The project will be administered by the Eilat-Eilot Renewable Energy Initiative, a body responsible for leveraging the southern Arava and Eilat regions by establishing research facilities, producing clean energy, creating jobs in the sector and developing training programs.
“The Timna Solar Park will substantially increase Israel’s renewable energy production and will play an important role in diversifying the country’s energy mix,” said Eitan Parnass, director-general of the Green Energy Association of Israel. “This project also holds the potential to serve as the basis for international cooperation throughout the region with connectivity and supply of solar energy to the national grids of neighboring countries.”
Allocation of the land for the Timna Solar Park has already been approved by the Israel Lands Authority, and the tender for the project is scheduled to be published on October 19, available to bidders worldwide. As part of the bidding process, all qualified bidders will receive detailed maps of the region and a completed environmental impact assessment, and will then be required to submit proposals to the National Council Planning and Building.
"It's going to be a first in hopefully a series of 170 megawatts in that zone, by 2020," said Davidovich-Banet, who also serves as the chairwoman for the upcoming Eilat-Eilot Green Energy Conference in December.
The 50 megawatts planned for this first stage, however, will still be enough to ensure that the entire Eilat-Eilot area is powered by solar energy, Davidovich-Banet stressed. Today, the region already has about 65 megawatts installed, which will then be followed by a 40-megawatt field being built by Arava Power Company at Kibbutz Ketura as well as the soon-to-be tendered Timna Solar Park, she said.
At peak hours, the Eilat and Arava region collectively consumes about 150 megawatts, according to Davidovich-Banet.
"We want to produce even more and shift it to nighttime storage," she said.
While all electricity generated by solar means in the region does technically feed to the national grid, the Israel Electric Corporation ensures that this electricity serves that region directly, rather than transmitting more electricity from Ashkelon, Davidovich-Banet explained.
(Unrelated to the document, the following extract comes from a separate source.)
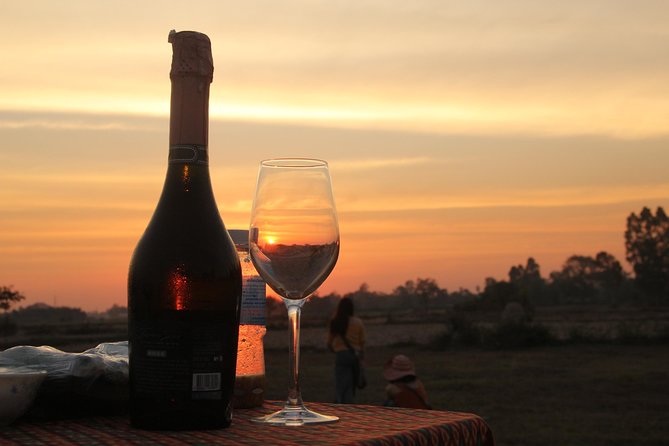 Sunset Dinner at Rice Paddy Fields - A quiet afternoon beyond central Siem Reap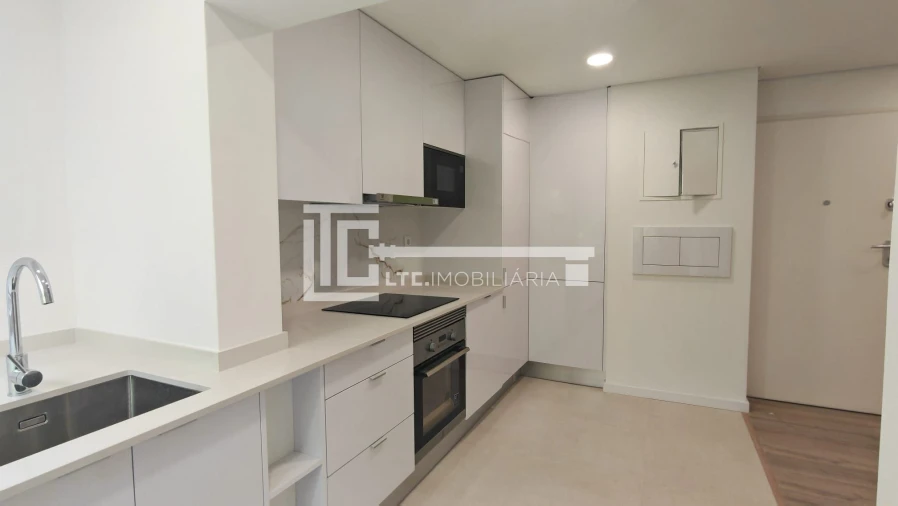 Apartamento T3 para Venda em Olivais Foto 3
Only when the area needs additional power does the IEC divert electricity from Ashkelon there, she said.
As far as nighttime storage is concerned, Davidovich-Banet said that technologies are constantly being developed, and she expects to have an "advanced beta site" of 10 megawatts worth of storage in Timna by 2015. Already, a 1.5-megawatt beta storage facility is being tested at the Rotem site in Dimona, she added.
"We are hoping that the region will reach 100 percent energy independence daytime and nighttime, and at the same have time power stations and many mechanisms for storage," Davidovich-Banet said. "This is our mission."